Date: Thursday 14 Jun 2012
Shares of UK luxury fashion chain Mulberry sank 22 per cent after annual pre-tax profit and revenue fell short of expectations.
Somerset-based Mulberry, which makes upmarket handbags and leather accessories, said pre-tax profit rose to £36m for the year ended 31 March 2012 compared to £23.3m a year earlier. Analysts had forecast profit of just over £37m. Total revenues increased by 38% to £168.5m, below forecasts of £175m.
Retail sales rose 12% in the 10 weeks to June 9 while UK full price stores like-for-like sales gained 14% during the same period.
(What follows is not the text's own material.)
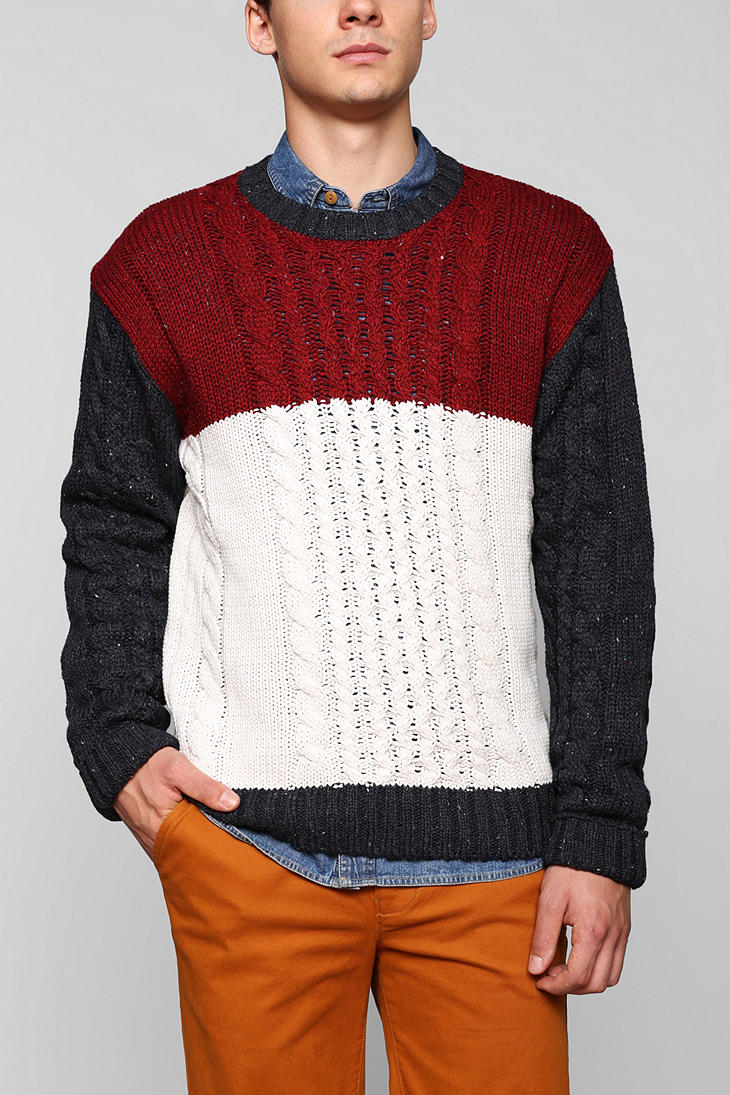 CPO Cable-Knit Colorblock Sweater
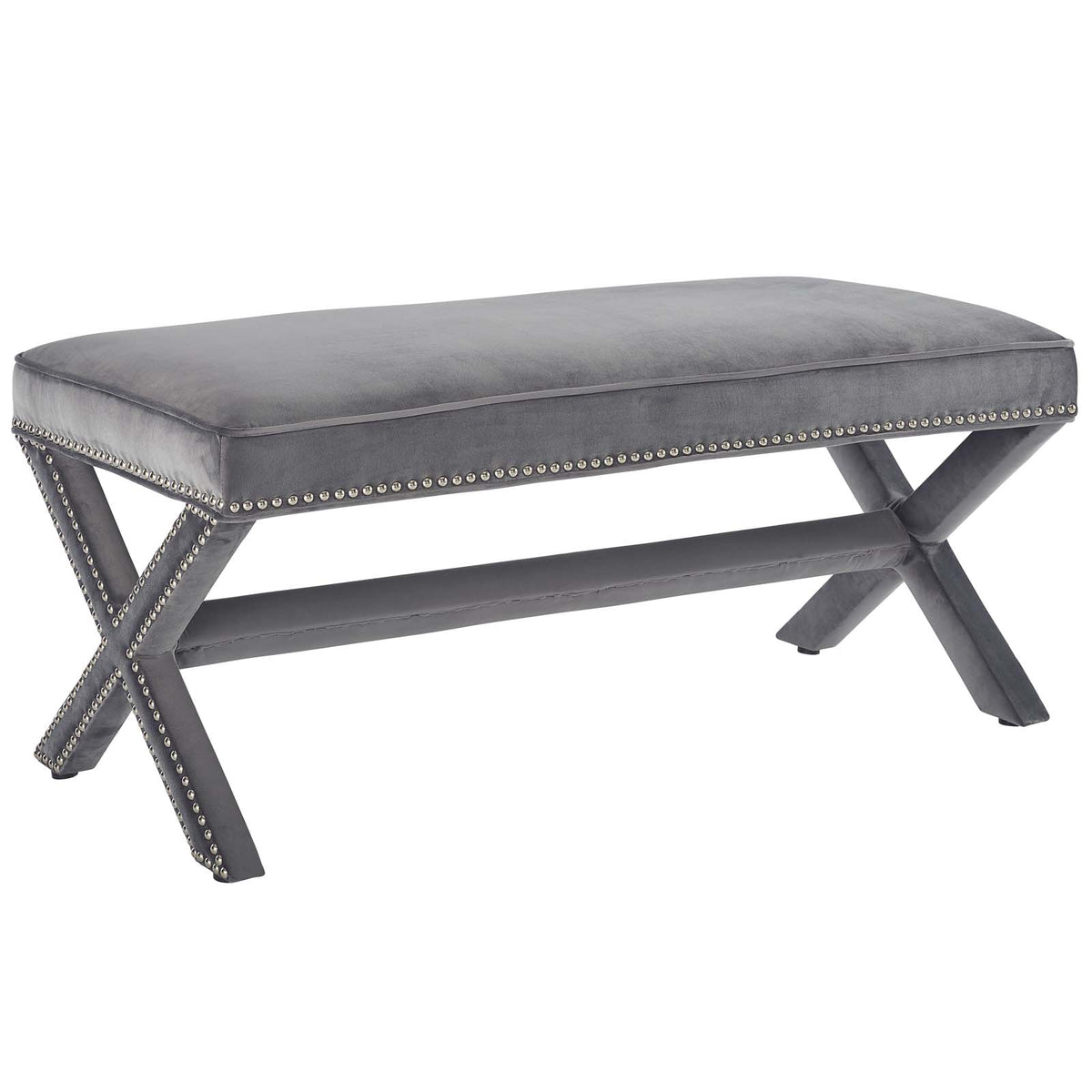 Rivet Upholstered Velvet Bench - Gray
April saw slower growth, but over the last six weeks UK full price sales have improved, up 21% like-for-like. "However, we remain cautious as a result of the adverse macro-economic climate," it said.
Chairman Godfrey Davis said: "While the current economic conditions make the short term trading outlook more challenging in some markets, we remain confident about Mulberry's long term future. We continue to focus on developing our business internationally, opening new stores and building the foundations for long term growth."
The company, which generates 39% of its revenue outside the UK, said International revenue for the year jumped 61% to £65.2m. Mulberry opened 14 stores during the year in the UK, Netherlands, the US and Asia.
The company, which was founded in 1971 by Roger Saul, said it already has 16 international store openings confirmed for fiscal 2013.
The group said Autumn/Winter 2012 third-party wholesale orders are 11% higher than a year earlier.
The company also announced it will build a second factory, in Somerset, doubling its UK capacity and creating 300 jobs.
The investment in a second UK factory, of around £7.5m, will reinforce the group's position as the largest UK manufacturer of luxury leather goods, the group explained.
A dividend of 5p has been proposed compared to 4p in 2011.